Hi, this is Kelly Byrne Donahue

With keyterms prompting:

Hi, this is Kelly Byrne-Donoghue
1import requests
2import time
3
4base_url = "https://api.assemblyai.com"
5headers = {"authorization": "<YOUR_API_KEY>"}
6
7data = {
8 "audio_url": "https://assemblyaiassets.com/audios/keyterms_prompting.wav",
9 "language_detection": True,
10 "speech_models": ["universal-3-pro", "universal-2"],
11 "keyterms_prompt": ["Kelly Byrne-Donoghue"]
12}
13
14response = requests.post(base_url + "/v2/transcript", headers=headers, json=data)
15
16if response.status_code != 200:
17 print(f"Error: {response.status_code}, Response: {response.text}")
18 response.raise_for_status()
19
20transcript_response = response.json()
21transcript_id = transcript_response["id"]
22polling_endpoint = f"{base_url}/v2/transcript/{transcript_id}"
23
24while True:
25 transcript = requests.get(polling_endpoint, headers=headers).json()
26 if transcript["status"] == "completed":
27 print(transcript["text"])
28 break
29 elif transcript["status"] == "error":
30 raise RuntimeError(f"Transcription failed: {transcript['error']}")
31 else:
32 time.sleep(3)
Keyword count limits

While we support up to 1000 key words and phrases, actual capacity may be lower due to internal tokenization and implementation constraints.
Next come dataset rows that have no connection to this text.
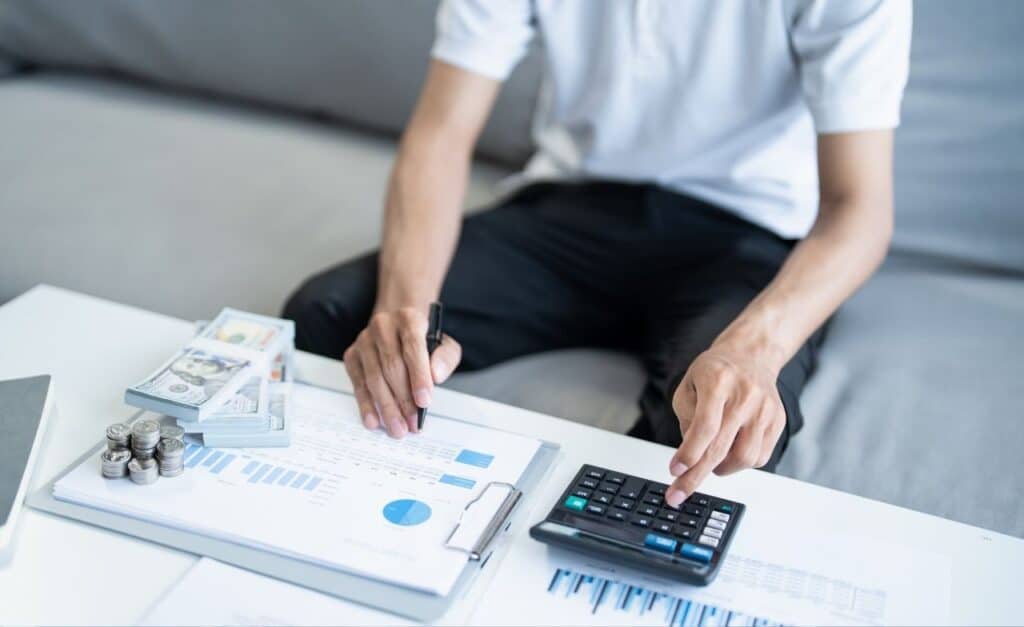 Ce sunt și cum funcționează produsele de tip unit-linked: Ghid complet pentru investitorul român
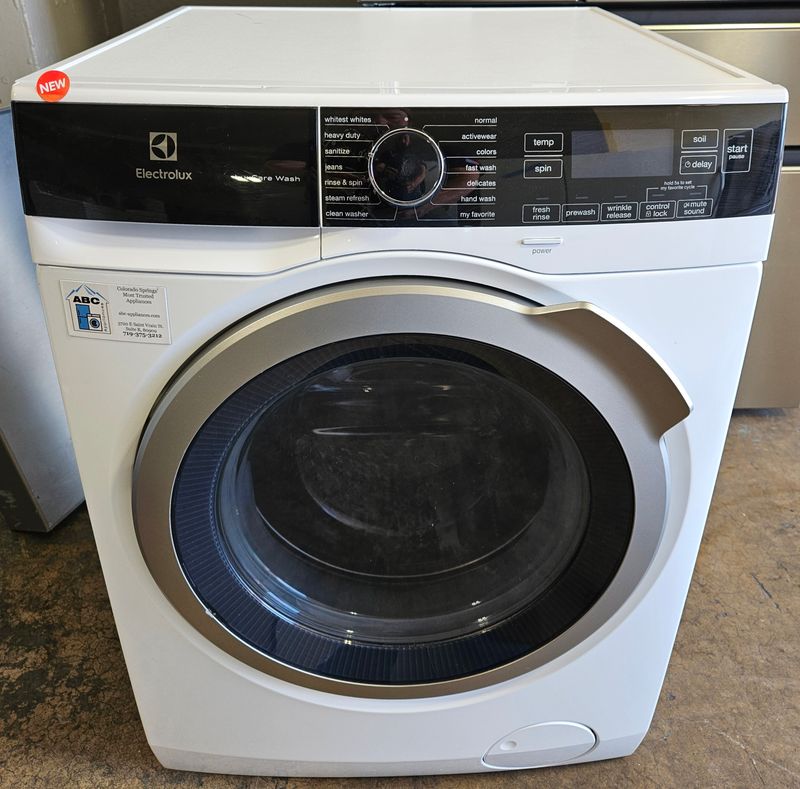 NEW! 24" Compact Electrolux Front Load Washer (2.4cu.ft.)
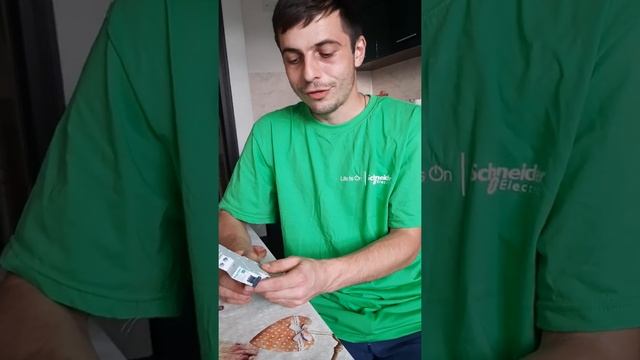 обзор АВДТ Easy 9 от Schneider Electric смотреть онлайн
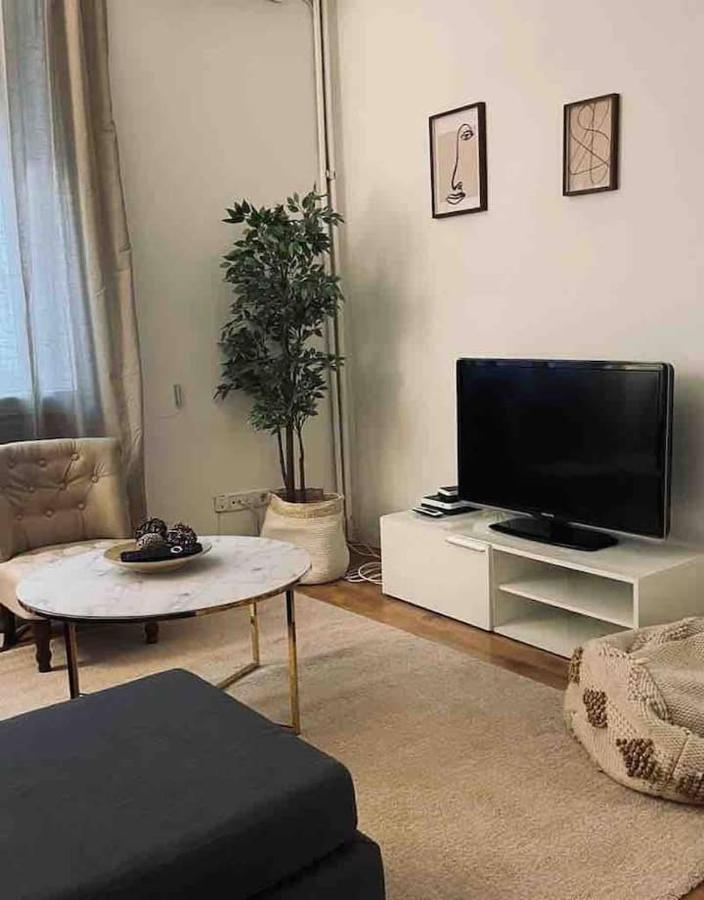 Excelente Piso De 3 Habitaciones En La Latina Madrid Exteriör bild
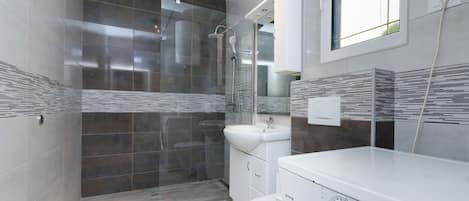 Apartment (A1) | Bathroom | Shower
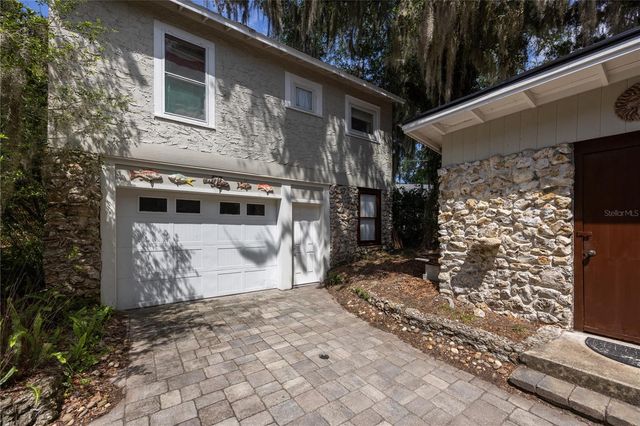 720 NE BOULEVARD, Gainesville, FL 32601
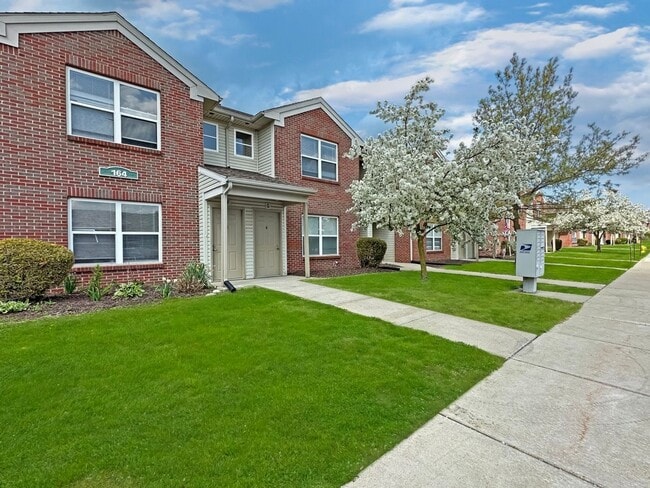 Building Photo - Adrian College Less than 2 miles away*****... Rental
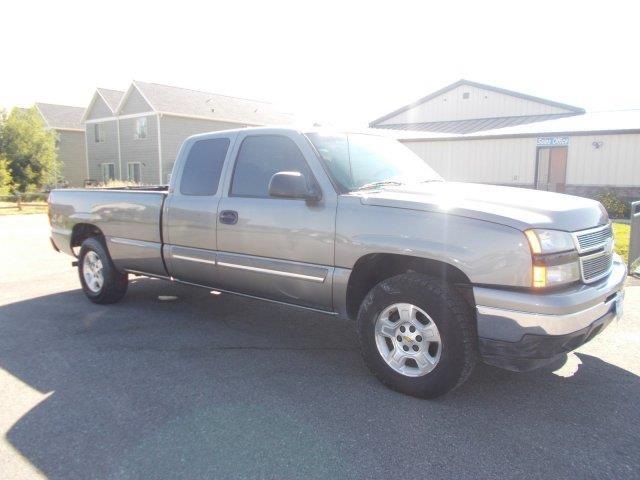 2006 chevrolet silverado 1500 lt2 lt2 4dr extended cab 4wd 5.8 ft. sb for sale in belgrade, montana
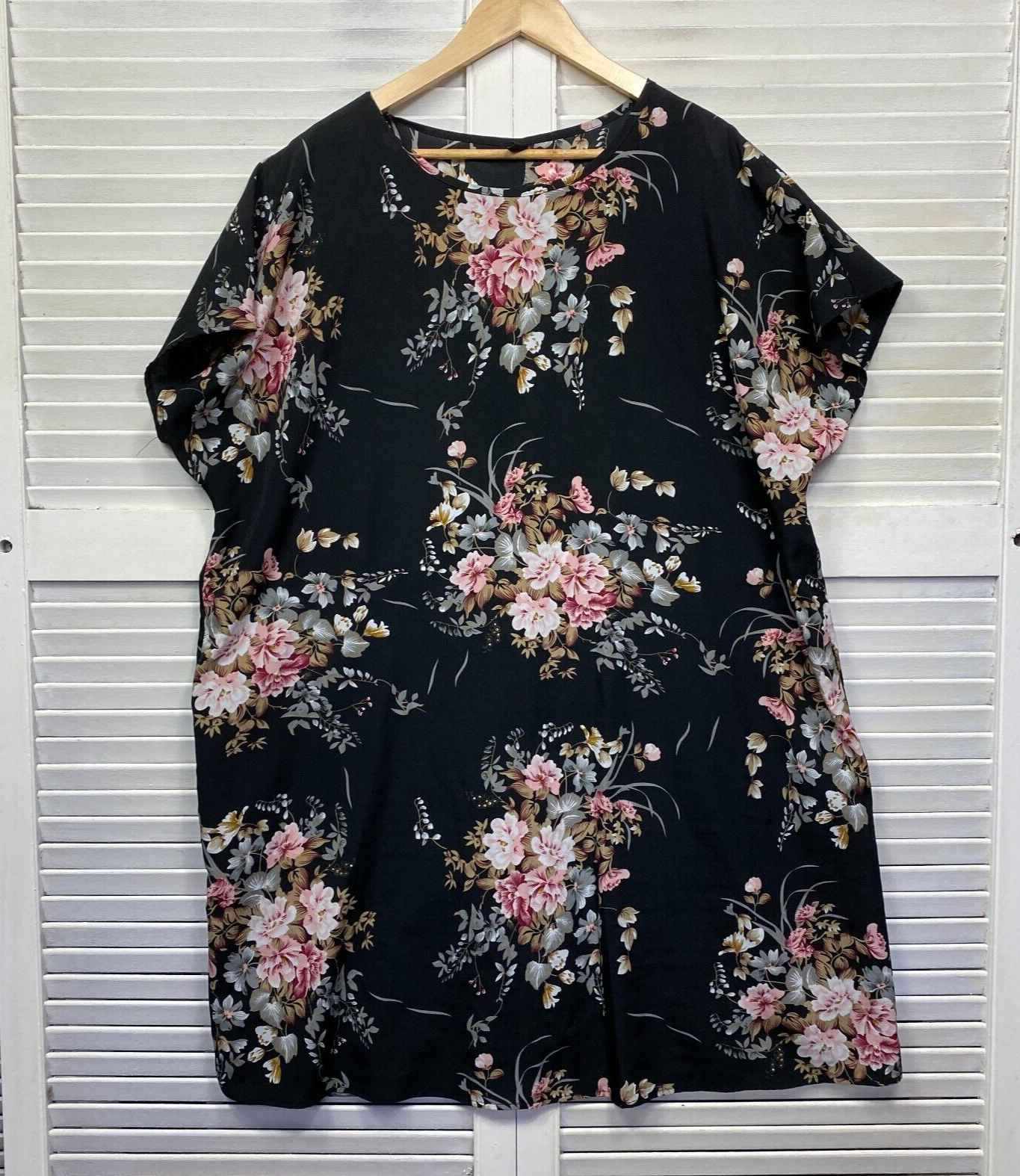 Shein Curve Dress Size 4XL 16 18 20 Large Plus Black Short Sleeve Floral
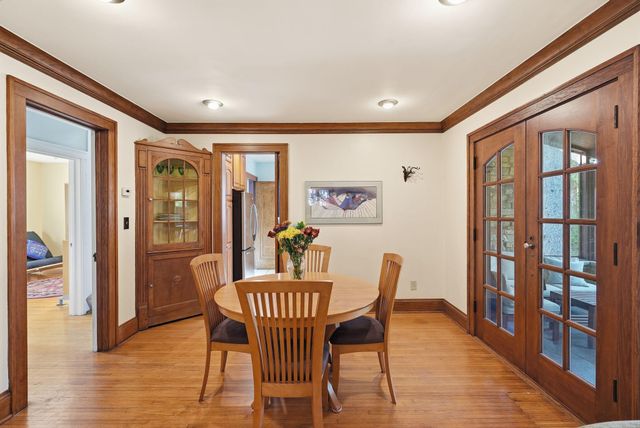 442 Mount Curve Boulevard, Saint Paul, MN 55105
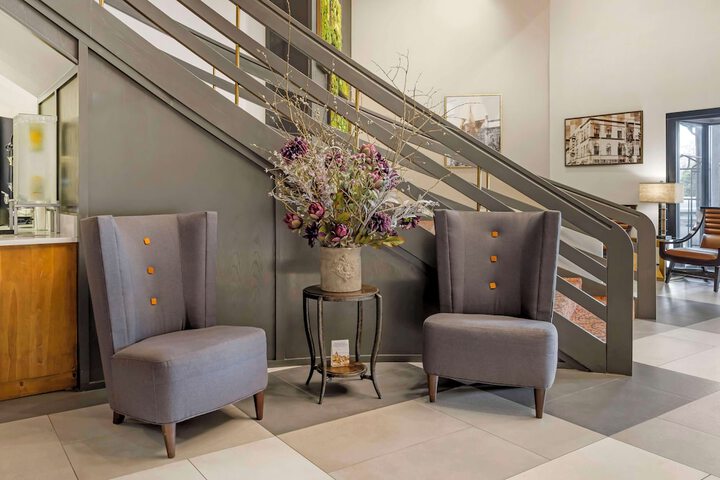 Best Western Plus Mill Creek Inn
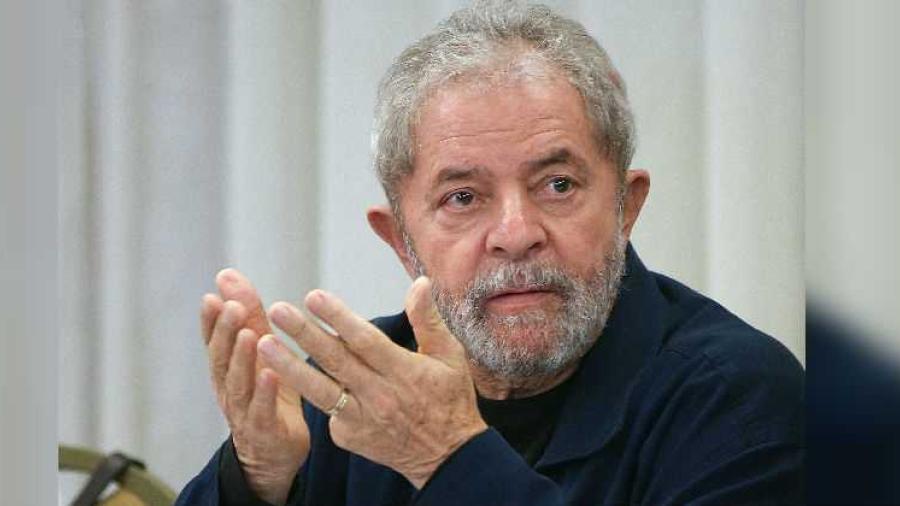 Juez impide a gobernadores brasileños visitar a Lula en cárcel
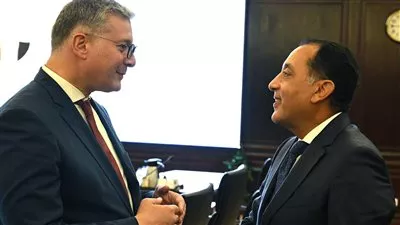 مجلس الوزراء يوافق على اتفاقيتين للبحث عن البترول والغاز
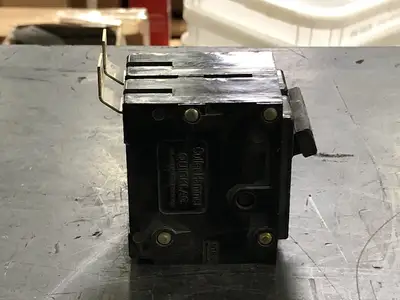 USED CUTLER-HAMMER BA220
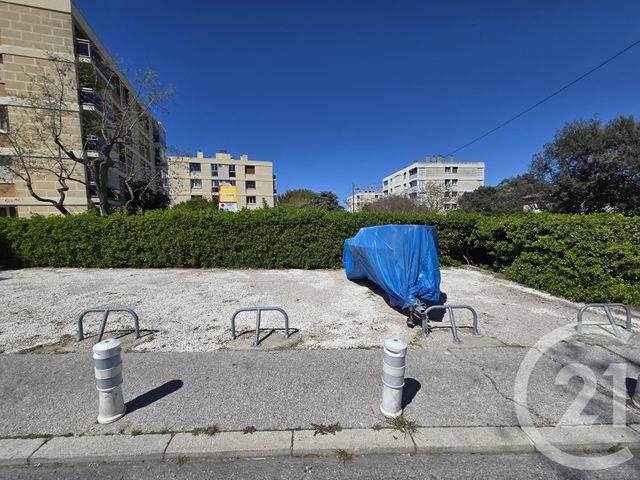 parking à vendre - 14.0 m2 - MARSEILLE - 13008 - PROVENCE-ALPES-COTE-D-AZUR - Century 21 Can Transactions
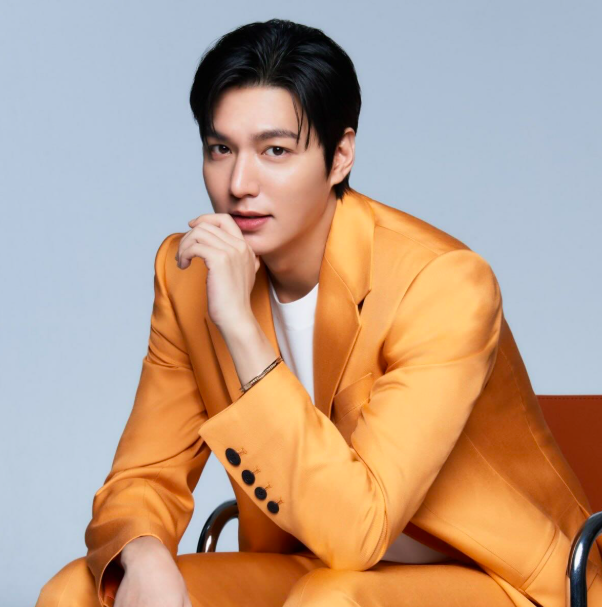 This contains an image of Actor Lee Min Ho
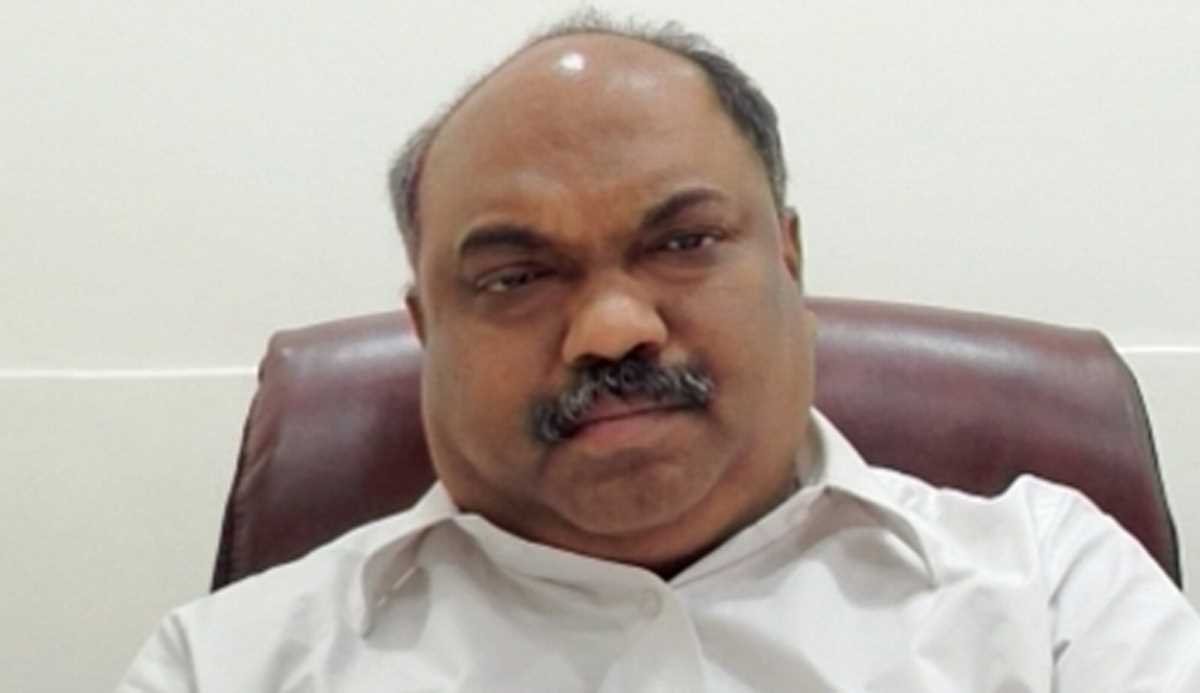 चुनाव आयोग को 2013-2018 में ठाकरे के शिवसेना प्रमुख चुने जाने की जानकारी थी : परब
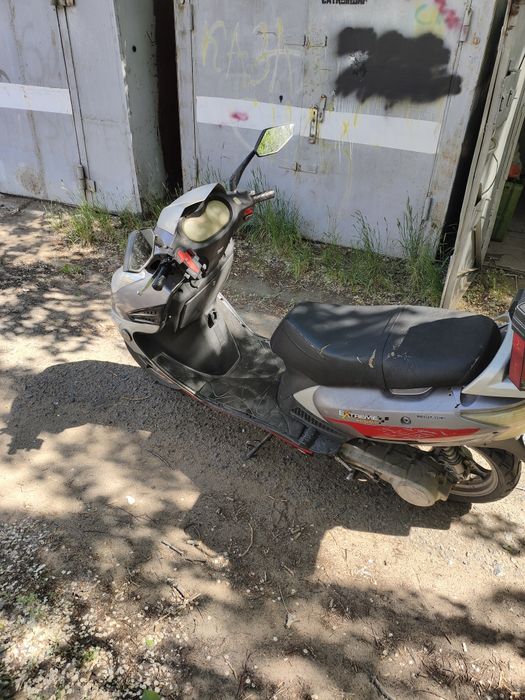Продам скутер 150сс
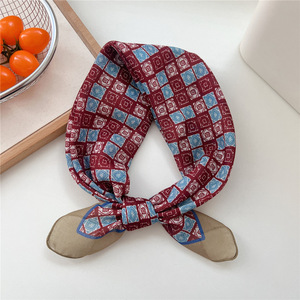 Pañuelos Cuadrados Pequeños con Estampado Floral de Lujo al por Mayor, 58*58CM, de Algodón y Lino Suave, para Cuello, Cabeza, Pañuelo de Mujer, Bandana - Product Image 6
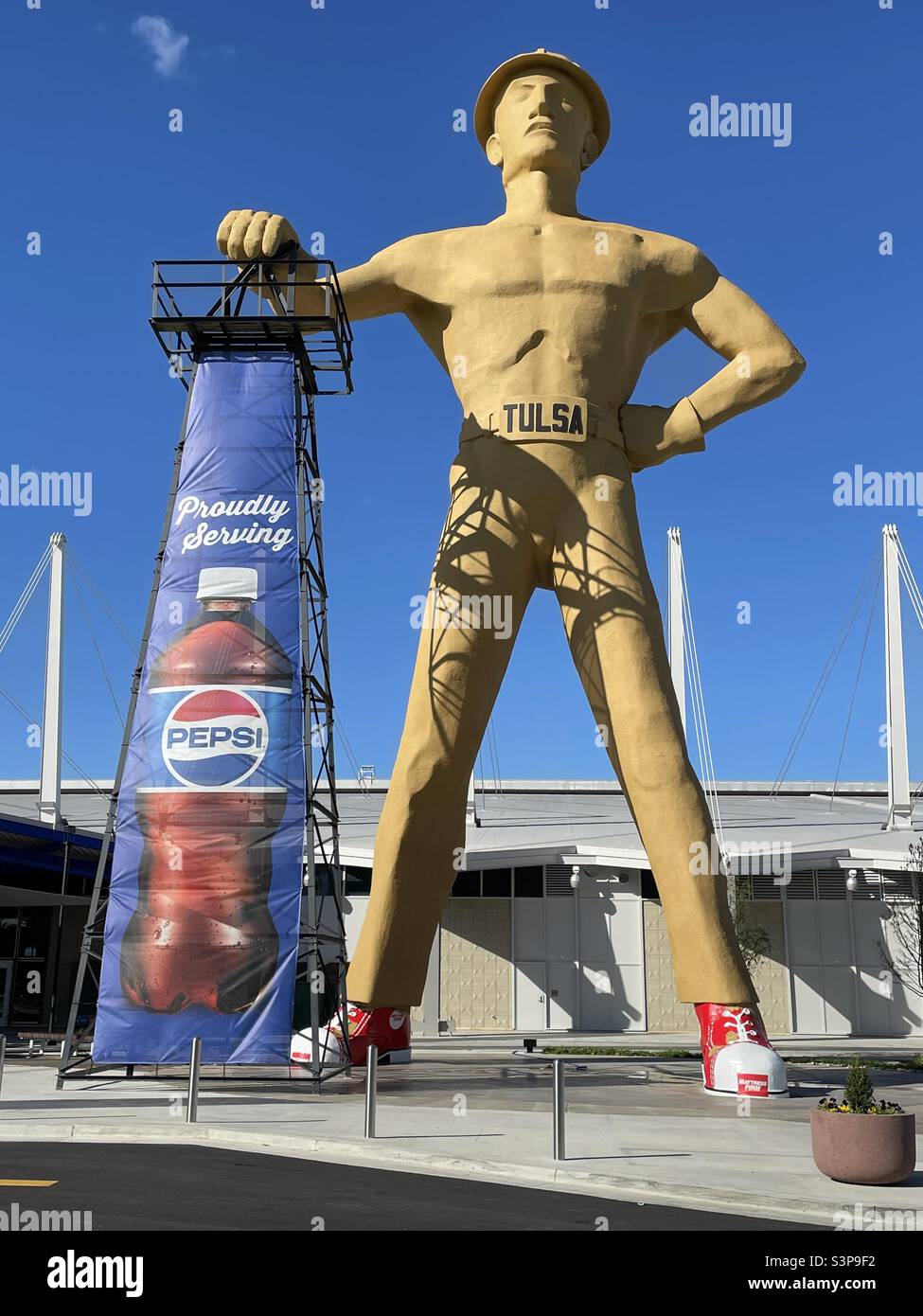 Tulsa, Oklahoma Golden Driller Titanic Oil Man Stock Photo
Key points to remember:

  • Each word in a multi-word phrase counts towards the 1000 keyword limit
  • Capitalization affects capacity (uppercase tokens consume more than lowercase)
  • Longer words consume more capacity than shorter words

For optimal results, use shorter phrases when possible and be mindful of your total token count when approaching the keyword limit.

Using Universal-2 (Beta)

keyterms_prompt for Universal-2 is currently available at no additional cost while we gather feedback and refine functionality. Pricing may be introduced as the feature moves out of beta. We’ll notify all users well in advance of any pricing changes.

As we continue to develop this feature, functionality may evolve. For the latest updates and code examples, please check back on this page.

If you’re currently using our universal-2 model, the keyterms_prompt parameter is in Beta for English files.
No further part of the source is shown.